[Opening EXERCISE DATA section]
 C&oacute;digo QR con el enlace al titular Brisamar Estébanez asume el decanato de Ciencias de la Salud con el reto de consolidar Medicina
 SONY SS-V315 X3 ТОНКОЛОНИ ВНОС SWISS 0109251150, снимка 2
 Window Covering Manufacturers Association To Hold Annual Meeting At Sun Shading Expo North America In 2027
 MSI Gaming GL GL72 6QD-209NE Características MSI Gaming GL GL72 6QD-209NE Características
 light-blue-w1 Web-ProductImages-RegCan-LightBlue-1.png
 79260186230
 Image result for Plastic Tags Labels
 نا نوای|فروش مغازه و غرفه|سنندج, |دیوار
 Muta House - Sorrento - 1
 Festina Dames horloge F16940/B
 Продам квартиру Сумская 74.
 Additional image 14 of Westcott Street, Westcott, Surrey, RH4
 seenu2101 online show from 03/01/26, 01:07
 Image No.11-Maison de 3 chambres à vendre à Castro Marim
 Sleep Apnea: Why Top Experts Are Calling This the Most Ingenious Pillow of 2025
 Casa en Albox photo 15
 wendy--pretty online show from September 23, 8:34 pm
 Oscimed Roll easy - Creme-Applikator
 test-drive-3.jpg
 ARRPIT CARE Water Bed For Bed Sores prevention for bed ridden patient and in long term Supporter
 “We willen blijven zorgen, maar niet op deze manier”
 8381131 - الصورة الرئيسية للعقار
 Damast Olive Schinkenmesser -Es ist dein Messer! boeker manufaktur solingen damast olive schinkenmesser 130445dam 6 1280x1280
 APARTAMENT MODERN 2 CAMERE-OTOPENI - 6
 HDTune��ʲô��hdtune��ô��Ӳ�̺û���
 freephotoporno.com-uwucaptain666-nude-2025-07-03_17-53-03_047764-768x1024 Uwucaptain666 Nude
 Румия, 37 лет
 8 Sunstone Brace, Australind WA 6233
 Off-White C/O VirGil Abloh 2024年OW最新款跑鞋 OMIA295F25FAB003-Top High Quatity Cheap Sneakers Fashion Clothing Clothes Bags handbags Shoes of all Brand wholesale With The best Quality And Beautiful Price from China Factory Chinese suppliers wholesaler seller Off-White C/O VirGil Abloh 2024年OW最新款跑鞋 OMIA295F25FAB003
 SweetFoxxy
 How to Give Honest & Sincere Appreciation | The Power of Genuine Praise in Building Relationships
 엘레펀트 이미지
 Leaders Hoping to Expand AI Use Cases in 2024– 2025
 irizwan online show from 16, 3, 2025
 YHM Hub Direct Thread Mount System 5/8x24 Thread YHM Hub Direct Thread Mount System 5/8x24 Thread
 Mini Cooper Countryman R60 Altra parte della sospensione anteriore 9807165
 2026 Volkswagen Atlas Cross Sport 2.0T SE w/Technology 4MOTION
[Closing EXERCISE DATA section]
» **THE TASK**: Your reply should hold all the entries, each repeated without a single change.

» **EXERCISE OUTPUT**:
 C&oacute;digo QR con el enlace al titular Brisamar Estébanez asume el decanato de Ciencias de la Salud con el reto de consolidar Medicina
 SONY SS-V315 X3 ТОНКОЛОНИ ВНОС SWISS 0109251150, снимка 2
 Window Covering Manufacturers Association To Hold Annual Meeting At Sun Shading Expo North America In 2027
 MSI Gaming GL GL72 6QD-209NE Características MSI Gaming GL GL72 6QD-209NE Características
 light-blue-w1 Web-ProductImages-RegCan-LightBlue-1.png
 79260186230
 Image result for Plastic Tags Labels
 نا نوای|فروش مغازه و غرفه|سنندج, |دیوار
 Muta House - Sorrento - 1
 Festina Dames horloge F16940/B
 Продам квартиру Сумская 74.
 Additional image 14 of Westcott Street, Westcott, Surrey, RH4
 seenu2101 online show from 03/01/26, 01:07
 Image No.11-Maison de 3 chambres à vendre à Castro Marim
 Sleep Apnea: Why Top Experts Are Calling This the Most Ingenious Pillow of 2025
 Casa en Albox photo 15
 wendy--pretty online show from September 23, 8:34 pm
 Oscimed Roll easy - Creme-Applikator
 test-drive-3.jpg
 ARRPIT CARE Water Bed For Bed Sores prevention for bed ridden patient and in long term Supporter
 “We willen blijven zorgen, maar niet op deze manier”
 8381131 - الصورة الرئيسية للعقار
 Damast Olive Schinkenmesser -Es ist dein Messer! boeker manufaktur solingen damast olive schinkenmesser 130445dam 6 1280x1280
 APARTAMENT MODERN 2 CAMERE-OTOPENI - 6
 HDTune��ʲô��hdtune��ô��Ӳ�̺û���
 freephotoporno.com-uwucaptain666-nude-2025-07-03_17-53-03_047764-768x1024 Uwucaptain666 Nude
 Румия, 37 лет
 8 Sunstone Brace, Australind WA 6233
 Off-White C/O VirGil Abloh 2024年OW最新款跑鞋 OMIA295F25FAB003-Top High Quatity Cheap Sneakers Fashion Clothing Clothes Bags handbags Shoes of all Brand wholesale With The best Quality And Beautiful Price from China Factory Chinese suppliers wholesaler seller Off-White C/O VirGil Abloh 2024年OW最新款跑鞋 OMIA295F25FAB003
 SweetFoxxy
 How to Give Honest & Sincere Appreciation | The Power of Genuine Praise in Building Relationships
 엘레펀트 이미지
 Leaders Hoping to Expand AI Use Cases in 2024– 2025
 irizwan online show from 16, 3, 2025
 YHM Hub Direct Thread Mount System 5/8x24 Thread YHM Hub Direct Thread Mount System 5/8x24 Thread
 Mini Cooper Countryman R60 Altra parte della sospensione anteriore 9807165
 2026 Volkswagen Atlas Cross Sport 2.0T SE w/Technology 4MOTION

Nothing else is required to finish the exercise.